MA Postgraduates from UCA School of Craft and Design showcase interpretive practice, pushing the boundaries between glass, metal, textile, wood and ceramics.
MA Ceramics • MA Glass • MA Jewellery •MA Metalwork •

MA Product Design • MA Textiles • MRes Crafts


Showcasing exciting interpretive practices, eleven delivers highlights from this year’s postgraduate show: skilfully crafted objects and multi-sensory experiences that push the boundaries between mediums.

eleven – spot emerging creative talent of the future


Alice McIlroy [Transition, ceramic raku] creates ceramic bird forms that reflect aspects of human life and social interaction. Life is a series of transitions, and the phoenix is the ultimate symbol of transition. Its rare appearance is considered auspicious, and one that other birds gravitate towards.

Mike Barrett [Long Shadows, glass blocks, video projection with sound] is an artist and data scientist, exploring the devotional relationship we have to the digital world. Long Shadows is a diorama of an assembly in thrall to the marvellous and immortal world on the other side of the glass screen.

Claire Crawford [Sylvia I and Sylvia II, glass, bronze, leather] is a kiln cast glass and mixed media artist who creates sculptures of scale for large interior spaces inspired by abstractions from natural texture, form and colour. Her Sylvia series exhibition pieces reflect this through a representation of fallen snow covered tree roots in an undisturbed forest position.

Hannah Gibson [Whispering Sweet Nothings, glass] has been working with glass for almost two decades. Capturing the nostalgic imagery of childhood, connecting people, and exposing hidden narratives through cast sculptural glass stands at the core of her work. With a background in geology, her work is created using recycled glass from other artists, television glass, glass from mobile phones, and other ‘found’ objects.

Candy Matterson [Touch and Response, silver, acrylic and other metals] crosses the boundaries of jewellery and technology processes. She combines new and traditional materials to create engineered jewellery and sculptural objects – an interaction between the wearer and the viewer.

Cara Wassenberg [A Thousand Degrees, glass, metal] makes large-scale work creating site-specific sculpture for buildings and exterior areas. By using glass, copper and steel in combination with blacksmithing and glass-casting skills she explores these materials’ potential for organic interaction.

Stephen Sheffield [Curatorial, oak, glass] has been working with furniture for many years and has been designing and making for 21 years. His new MA work is designed to reflect an appreciation of furniture craft and how we curate our personal lives. His latest work looks at sustainability and logistics and attempts to re-evaluate our current manufacturer-orientated approach to consumption in favour of a customer-based approach.
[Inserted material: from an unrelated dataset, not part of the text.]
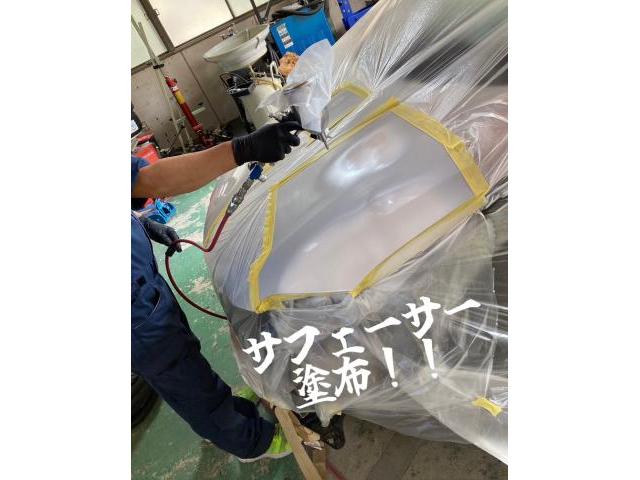 トヨタ　カローラアクシオ　
ボンネット　板金塗装修理
フェンダー　フロントバンパー　新品塗装交換作業
【広島　安佐北区　安芸高田　安佐南区　可部　三入　亀山　南原　大林　吉田　高陽　八木　緑井】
Alison Baxter [Fragments and Whispers, textiles, metal] creates delicate and elegant small-scale three-dimensional objects integrating thread with metal. Fragments and Whispers, is a body of work made in response to archival research of the life of a woman, a close friend of King Edward VII, and her forgotten bedroom designed in the 1890s.
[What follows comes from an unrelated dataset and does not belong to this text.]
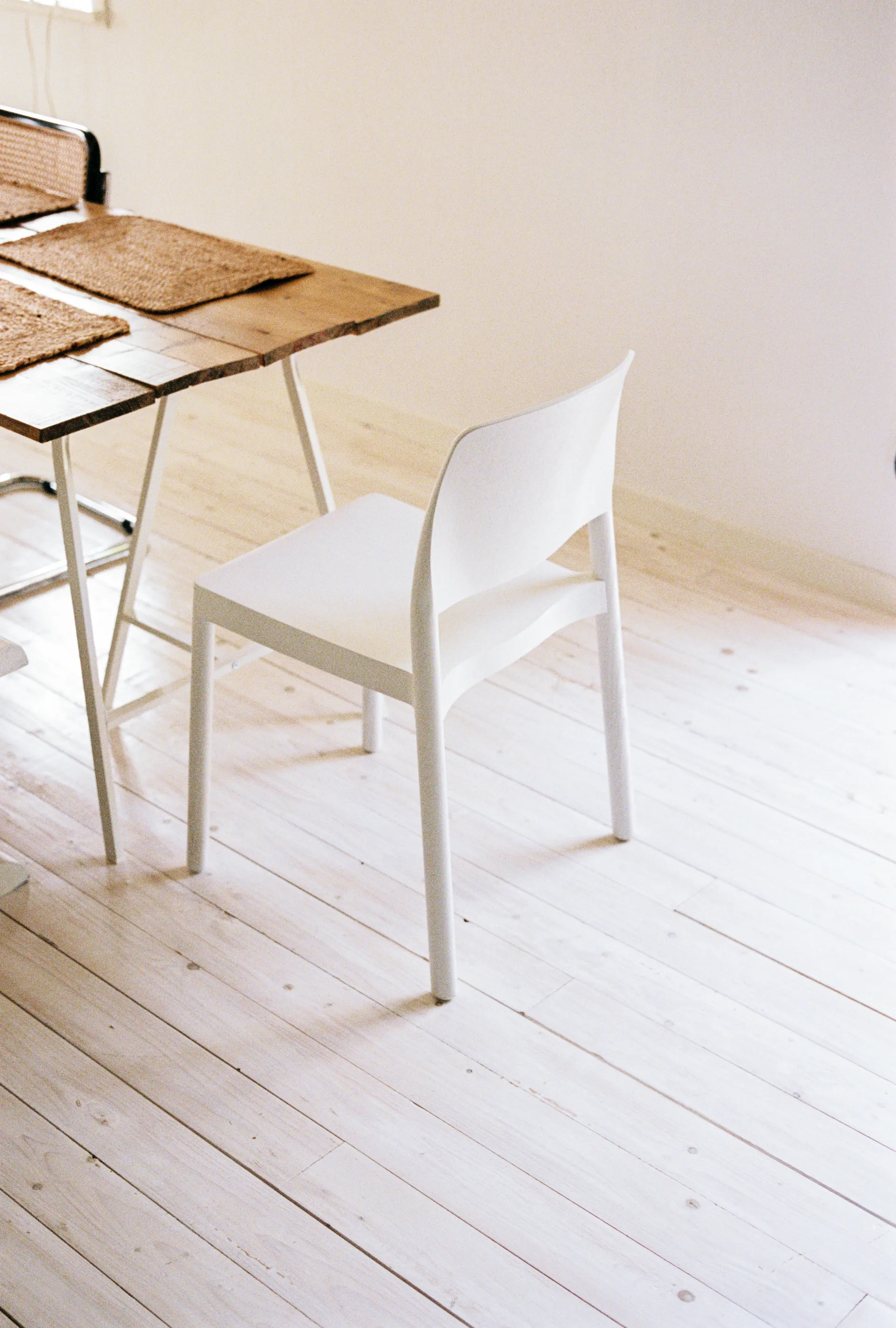 Grace chair, Ash White glazed Swedese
Mona Craven [In-Between, textiles, installation] has explored heritage cloth to connect
to cultural heritage found in the fragmented spaces between cultures. Her practice crosses media, integrating digital processes with hand-stitching to emphasise elusive traces, memory and the fragility found at the points of contact in the fragmented space
between cultures.

Janet Twinn [Lost in Landscape, patchwork wall hanging and textile rolls] makes patchwork wallhangings constructed from her dyed and printed cloth. Patchwork is a process of layers. There are hidden seams, raw edges and tangles of loose threads. Lost in Landscape is an abstraction, grounded in the observed. Colour is evocative rather than literal.
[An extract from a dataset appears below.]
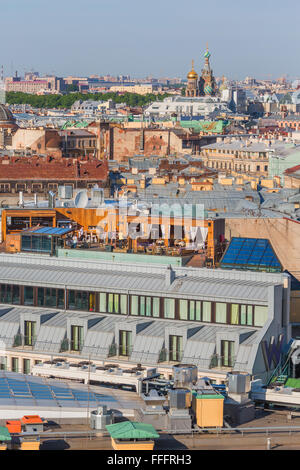 Vue de la Colonnade de la cathédrale Saint-Isaac, Saint Petersburg, Russie Banque D'Images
Kas Williams [Off The Wall, textiles, mixed media] is a textile artist whose creative practice occupies the space between fine art and craft. Her work reflects a curiosity about form and structure combined with a playful use of colour, pattern and texture to create sophisticated pieces in a diverse mix of materials.

Loucia Manopoulou, curator | researcher, has extensive experience in curating exhibitions, both in Greece and the UK. Currently she is exploring the history of crafts, with a focus on modern and contemporary British crafts, curatorship and the relationship between crafts and music.